Melting of Antarctica’s Thwaites Glacier “Doomsday Glacier”
The researchers from the University of Gothenburg, Sweden recently used an uncrewed submarine to go under the Thwaites Glacier to make observations. According to the researchers, the melting of the glacier is worse than previously thought.
The Thwaites Glacier is also called “Doomsday Glacier”. It has been a cause of concern for a long time as it has high potential to speed up the global sea level rise.
The Thwaites Glacier or the Doomsday Glacier is 120 km wide at its broadest. It is spread over 1.9 lakh square kilometres. It is fast moving and has been melting in the recent years.
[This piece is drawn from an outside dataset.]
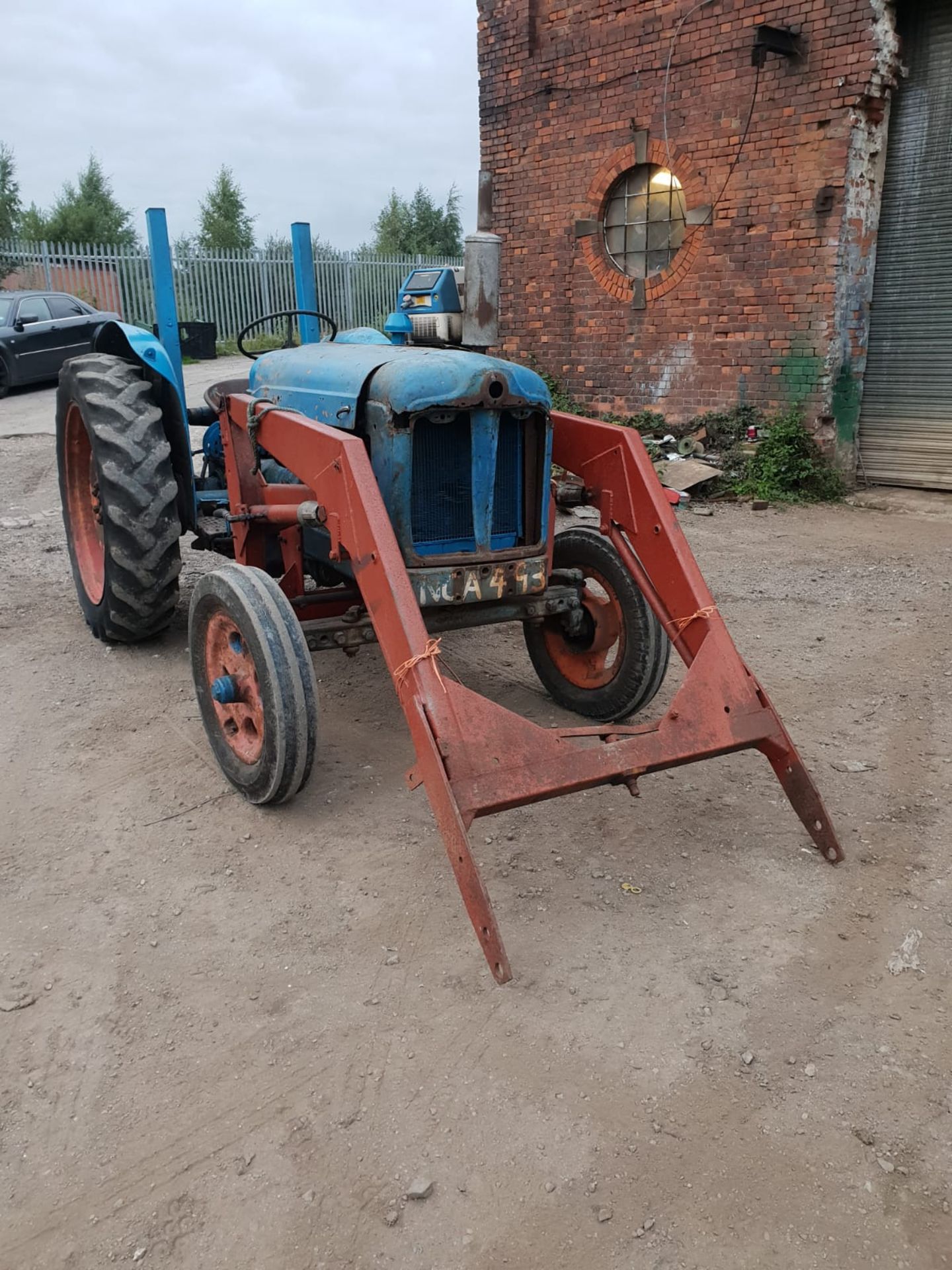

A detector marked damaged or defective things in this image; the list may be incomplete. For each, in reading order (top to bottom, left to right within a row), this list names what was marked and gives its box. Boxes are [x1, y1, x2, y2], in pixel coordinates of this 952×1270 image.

The glacier has high potential to raise the world sea level by more than a metre. According to researchers, the amount of ice flowing out of the glacier has doubled in the past thirty years.
Previous Studies about Doomsday Glacier
According to a 2019 study, a fast-growing cavity was discovered in the glacier that sized two-third of the area of Manhattan. The cavity is growing mainly due to the warm water detected below the glacier. This warm water has been found at two degrees above freezing point at the Grounding Zone or Grounding line of the Doomsday Glacier.
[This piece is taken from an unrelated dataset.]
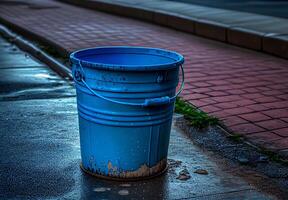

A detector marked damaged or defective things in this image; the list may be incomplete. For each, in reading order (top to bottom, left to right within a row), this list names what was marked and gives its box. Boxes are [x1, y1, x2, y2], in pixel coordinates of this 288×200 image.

rust mark on bucket [107, 159, 166, 178]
Grounding point or Grounding Zone of Glaciers
The Grounding line of a glacier is the place below the glacier where the ice transits between resting fully on bedrock and floating on ocean as an ice shelf.
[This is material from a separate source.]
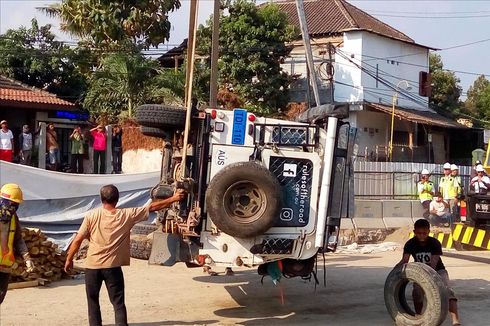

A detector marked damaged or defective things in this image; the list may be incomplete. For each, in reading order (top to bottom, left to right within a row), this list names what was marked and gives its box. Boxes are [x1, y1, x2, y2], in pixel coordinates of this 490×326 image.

The Grounding line retreats when the glaciers melt and lose weight. This in turn exposes more of the underside of the glacier to the seawater. As the exposed surface area increases, the melting of the glacier increases.
Key Findings of the new study
The recent findings made by the Sweden researchers are the first measurements performed beneath the glacier. The submarine sent to go under the glacier was called “Ran”. It measured temperature, strength, salinity, and oxygen content of the ocean currents that go under the glacier. With this data, the researchers have mapped the ocean currents beneath the glacier.
There are three inflows of warm water beneath the glacier. Among them the damaging effects of one of the currents had been underestimated in the past.
The main concern according to the study is that warm water is approaching the pinning points of the glacier from all sides.